I guess you decide knights odds games are 3.73 on basis you put the start position into SF and asked for a score? Sure, SF will find the supposed best line and evaluate it.
I’m doing something different, I am asking SF to evaluate every single position that arises from the start position after four moves. Several tens of thousands of positions where each side has had the same move opportunities (two moves each) to made boobies or brilliancies. The net effect of all these thousands of moves is to generate thousands of positions, each then evaluated by SF, with a mean eval of about -3.00 pawns. To be fair to both black and white, I then took everything that centred on that -300 centipawns, about 10% or so of the total.

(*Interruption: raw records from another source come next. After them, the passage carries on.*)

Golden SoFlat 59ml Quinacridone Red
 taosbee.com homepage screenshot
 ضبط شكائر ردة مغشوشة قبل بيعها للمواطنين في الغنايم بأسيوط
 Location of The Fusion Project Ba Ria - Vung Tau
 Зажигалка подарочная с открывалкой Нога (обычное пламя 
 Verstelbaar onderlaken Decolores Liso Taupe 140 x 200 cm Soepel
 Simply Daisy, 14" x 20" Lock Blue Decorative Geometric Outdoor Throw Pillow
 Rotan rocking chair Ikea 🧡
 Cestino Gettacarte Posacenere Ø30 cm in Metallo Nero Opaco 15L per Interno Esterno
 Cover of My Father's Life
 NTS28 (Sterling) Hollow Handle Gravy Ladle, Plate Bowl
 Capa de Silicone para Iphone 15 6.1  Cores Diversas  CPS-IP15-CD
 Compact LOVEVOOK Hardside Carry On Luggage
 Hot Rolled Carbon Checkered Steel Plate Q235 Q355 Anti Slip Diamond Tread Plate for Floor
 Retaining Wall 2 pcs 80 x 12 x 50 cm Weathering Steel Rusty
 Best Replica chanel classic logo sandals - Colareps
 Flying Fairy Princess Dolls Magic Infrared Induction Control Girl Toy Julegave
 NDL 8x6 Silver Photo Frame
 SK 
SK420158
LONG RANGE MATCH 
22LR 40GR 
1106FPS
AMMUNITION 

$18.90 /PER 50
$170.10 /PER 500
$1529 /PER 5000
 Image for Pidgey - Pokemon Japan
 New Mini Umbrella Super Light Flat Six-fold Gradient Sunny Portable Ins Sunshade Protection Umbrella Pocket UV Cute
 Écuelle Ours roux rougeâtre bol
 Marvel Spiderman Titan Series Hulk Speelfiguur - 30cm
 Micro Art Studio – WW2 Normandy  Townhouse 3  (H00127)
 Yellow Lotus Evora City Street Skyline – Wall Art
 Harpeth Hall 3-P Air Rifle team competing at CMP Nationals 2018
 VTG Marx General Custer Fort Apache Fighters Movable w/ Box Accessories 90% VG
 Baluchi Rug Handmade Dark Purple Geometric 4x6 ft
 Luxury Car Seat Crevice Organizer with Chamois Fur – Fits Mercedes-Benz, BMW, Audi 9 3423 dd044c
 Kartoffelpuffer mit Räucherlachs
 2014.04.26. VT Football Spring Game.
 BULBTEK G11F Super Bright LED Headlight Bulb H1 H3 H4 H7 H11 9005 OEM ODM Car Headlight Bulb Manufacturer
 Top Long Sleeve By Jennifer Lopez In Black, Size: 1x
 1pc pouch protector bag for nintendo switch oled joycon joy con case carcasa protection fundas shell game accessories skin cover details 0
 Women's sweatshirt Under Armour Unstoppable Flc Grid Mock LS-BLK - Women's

You’re saying that’s wrong because according to SF at the root position, knights odds = -3.87. And because nobody would play the 4-ply move sequences. Well, so what? You lost sight of the objective. Generate a large unbiased set of positions to evaluate how different engines get on with “knights odds”. Generate positions close to the root. Generate positions where material and a further SF search show that neither sides chances changed much from their chances at root zero.
Well, that’s done. Thanks me very much. It’s a pleasure. No problem at all. Have fun with them.
Just for fun, not really wasting my time reproofing things, the SF11 500ms evaluations of the first 100 positions in the knights odds suites, below.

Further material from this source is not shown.